Почему? На то у меня есть и глубоко эгоистические и сугубо трансцендентные причины. Его кровь течет во мне, в моем роду. Его ярость и жажда разрушения струятся в моих жилах. Во мне самом живет зверь (и я не могу даже сказать, в каком обличье он проявляется, — знаю только, что это Хищник), и этот зверь охотно уничтожил бы всё на своем пути, начав именно с тех, кого я люблю. Мало того, это доставило бы ему великую радость. Он способен любить кого-то всей душой и, в то же время, как в шутку выразился один мой приятель, выковыривать ему глаза ложкой, — и никакого противоречия в этом он не видит. Если вы этого не понимаете, значит, вы не понимаете Фенриса.

Этот внутренний Фенрис — часть меня. Прогнать его я не могу. Он во мне есть, и он необходим. И даже если в нашем мире, мире-двойнике Мидгарда со всеми его законами, правилами и тюрьмами, подобному духу не находится места, это еще не значит, что он бесполезен. Он — моя воля к выживанию, моя уверенность в том, что меня не сломить никакими силами, как бы плохо мне ни было. Узнав, через что мне довелось пройти в детстве, люди удивляются: «А почему у тебя не развилось диссоциативное расстройство? Почему у тебя нет ПТСР? Почему ты до сих пор цел?» Отвечаю: благодаря этому зверю. Но за все приходится платить, и в данном случае это значит, что мне приходится постоянно уживаться с этим зверем бок о бок, прислушиваясь по ночам, как он гремит цепями в моем подвале и вынашивает планы побега.

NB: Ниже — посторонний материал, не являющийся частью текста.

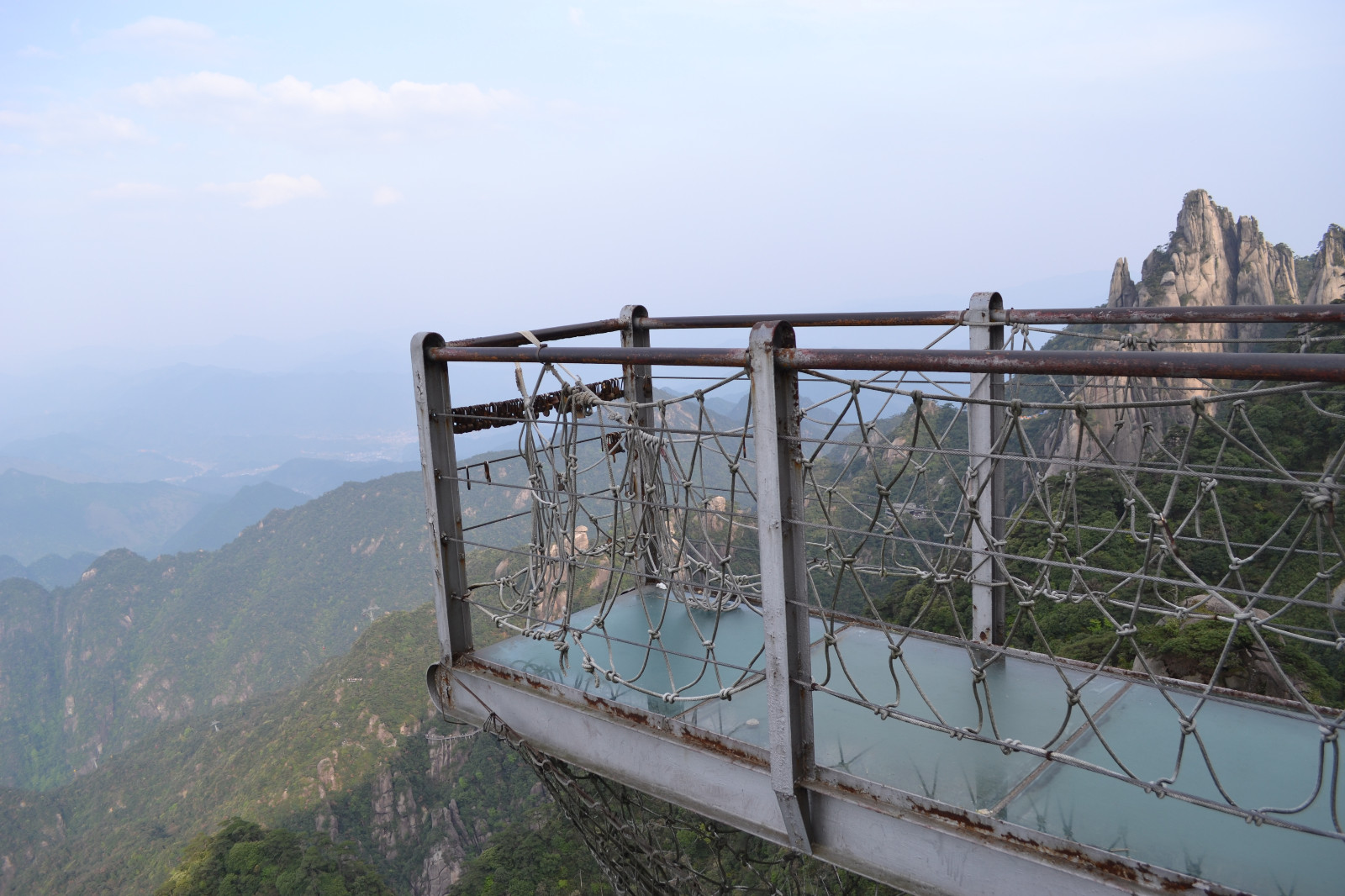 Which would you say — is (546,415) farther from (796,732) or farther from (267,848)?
(267,848)

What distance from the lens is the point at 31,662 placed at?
56.9 meters

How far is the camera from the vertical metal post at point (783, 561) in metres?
2.08

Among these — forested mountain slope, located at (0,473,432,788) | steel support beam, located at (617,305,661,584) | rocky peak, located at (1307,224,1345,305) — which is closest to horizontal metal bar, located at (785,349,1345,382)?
steel support beam, located at (617,305,661,584)

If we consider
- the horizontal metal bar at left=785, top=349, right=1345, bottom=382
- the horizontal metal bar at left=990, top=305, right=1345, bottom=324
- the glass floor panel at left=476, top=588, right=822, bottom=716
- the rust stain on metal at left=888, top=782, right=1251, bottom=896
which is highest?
the horizontal metal bar at left=990, top=305, right=1345, bottom=324

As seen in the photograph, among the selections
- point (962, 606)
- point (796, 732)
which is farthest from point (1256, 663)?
point (962, 606)

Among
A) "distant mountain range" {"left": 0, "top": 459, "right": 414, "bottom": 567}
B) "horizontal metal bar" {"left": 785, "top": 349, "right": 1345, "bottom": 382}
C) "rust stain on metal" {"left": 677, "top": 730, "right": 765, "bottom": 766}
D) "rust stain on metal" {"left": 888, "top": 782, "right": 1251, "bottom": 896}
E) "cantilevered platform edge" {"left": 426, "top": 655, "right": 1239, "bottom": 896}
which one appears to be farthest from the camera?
"distant mountain range" {"left": 0, "top": 459, "right": 414, "bottom": 567}

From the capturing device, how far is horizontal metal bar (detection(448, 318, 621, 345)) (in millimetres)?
3127

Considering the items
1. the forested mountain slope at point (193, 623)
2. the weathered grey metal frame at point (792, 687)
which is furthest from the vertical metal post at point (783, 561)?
the forested mountain slope at point (193, 623)

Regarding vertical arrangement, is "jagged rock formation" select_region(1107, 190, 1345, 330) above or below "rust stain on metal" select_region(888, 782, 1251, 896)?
above

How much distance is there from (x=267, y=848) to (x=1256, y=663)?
20404mm

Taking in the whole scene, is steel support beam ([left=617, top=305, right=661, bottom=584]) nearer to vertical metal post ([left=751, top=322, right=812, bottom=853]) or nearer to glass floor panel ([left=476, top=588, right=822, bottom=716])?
glass floor panel ([left=476, top=588, right=822, bottom=716])

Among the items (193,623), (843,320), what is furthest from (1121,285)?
(193,623)

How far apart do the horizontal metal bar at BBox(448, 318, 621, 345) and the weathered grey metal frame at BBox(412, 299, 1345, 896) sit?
2cm

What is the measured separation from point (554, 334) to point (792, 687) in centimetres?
200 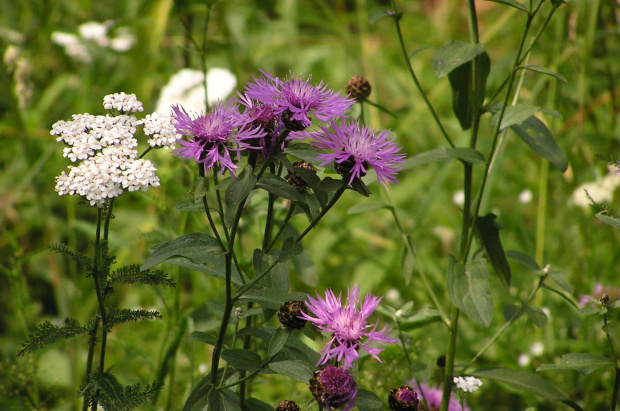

Если и есть на свете какой-то Закон, который я понимаю в полной мере, то это — Закон Работы с Тенью: нужно любить все части своей личности, безоговорочно и безусловно. К своим теневым частям нельзя спускаться с надеждой, что рано или поздно они изменятся, исцелятся и так далее. Надежда на что-то подобное означает, что вы не любите их по-настоящему, и они это почуют и не станут вас слушать. Соответственно, чтобы полюбить себя, я должен был полюбить и эту свою часть — ту, которая алчет насилия и убийства, мечтает о лужах крови на полу и о том, как мое горло оросит сырая красная влага с привкусом металла. (Да, разумеется, я об этом мечтал. Мне приходится с этим жить — вы еще не забыли?) Поэтому я начал с того же, с чего и многие другие люди, следующие самым разным религиям: если трудно полюбить себя, для начала полюби Бога.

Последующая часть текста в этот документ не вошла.